▶ **Task**:
Could you give back exactly the lines below from the one with "Silicone Baby Bottle--Collapsible" through the one with "秦始皇在位11年出巡5次是体察民情还是游山玩水专家看出巡路线", without a single picture?

▶ **Data in this exercise**:
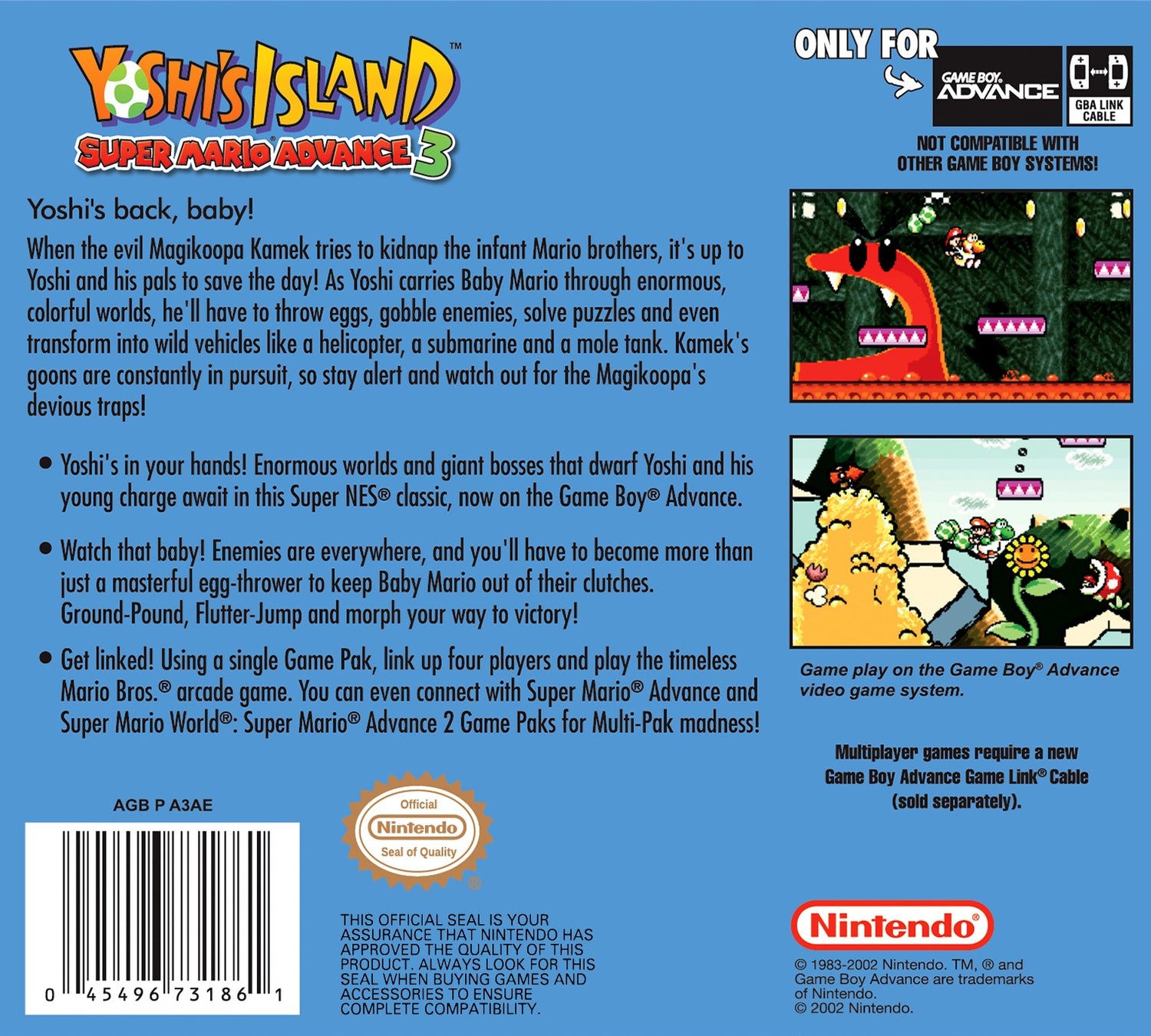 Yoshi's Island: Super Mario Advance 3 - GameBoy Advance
---
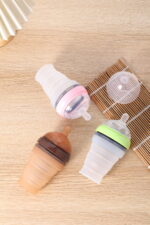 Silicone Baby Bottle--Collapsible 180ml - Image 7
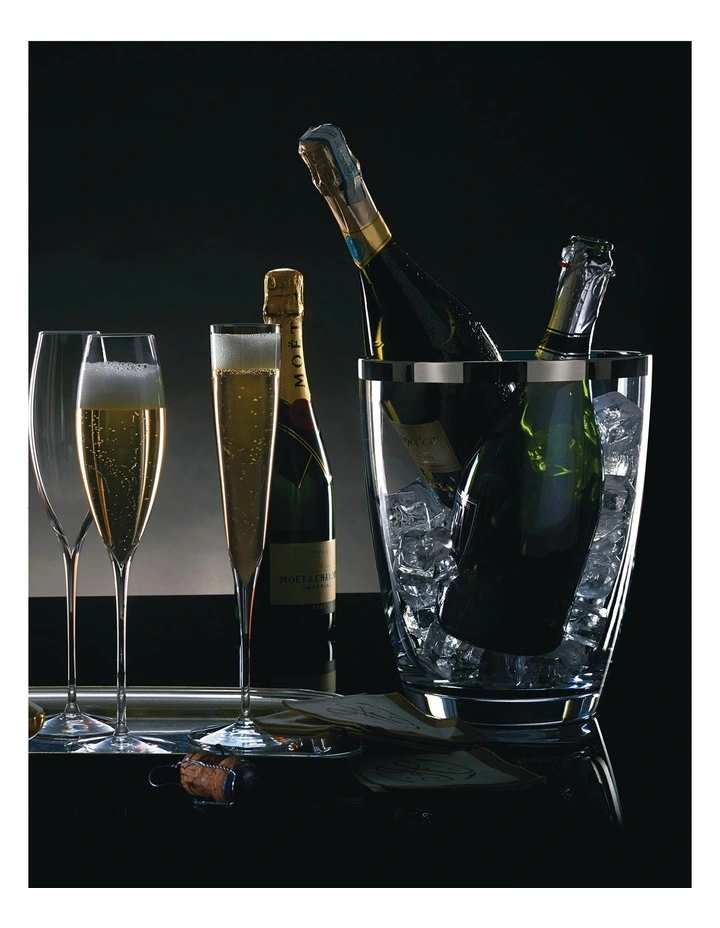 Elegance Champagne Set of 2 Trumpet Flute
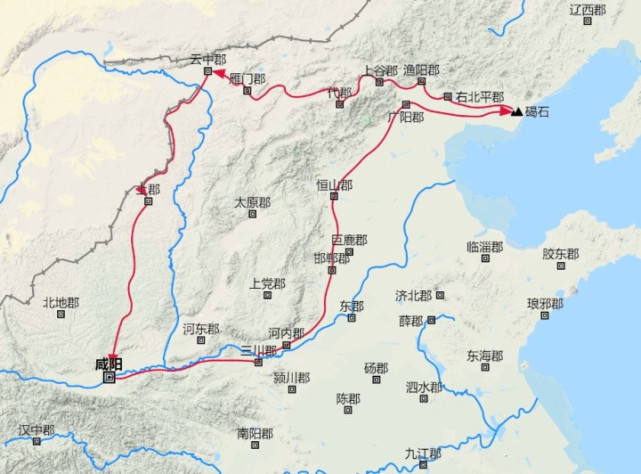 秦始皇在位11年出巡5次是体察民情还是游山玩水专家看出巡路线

▶ **Answer below**:
 Silicone Baby Bottle--Collapsible 180ml - Image 7
 Elegance Champagne Set of 2 Trumpet Flute
 秦始皇在位11年出巡5次是体察民情还是游山玩水专家看出巡路线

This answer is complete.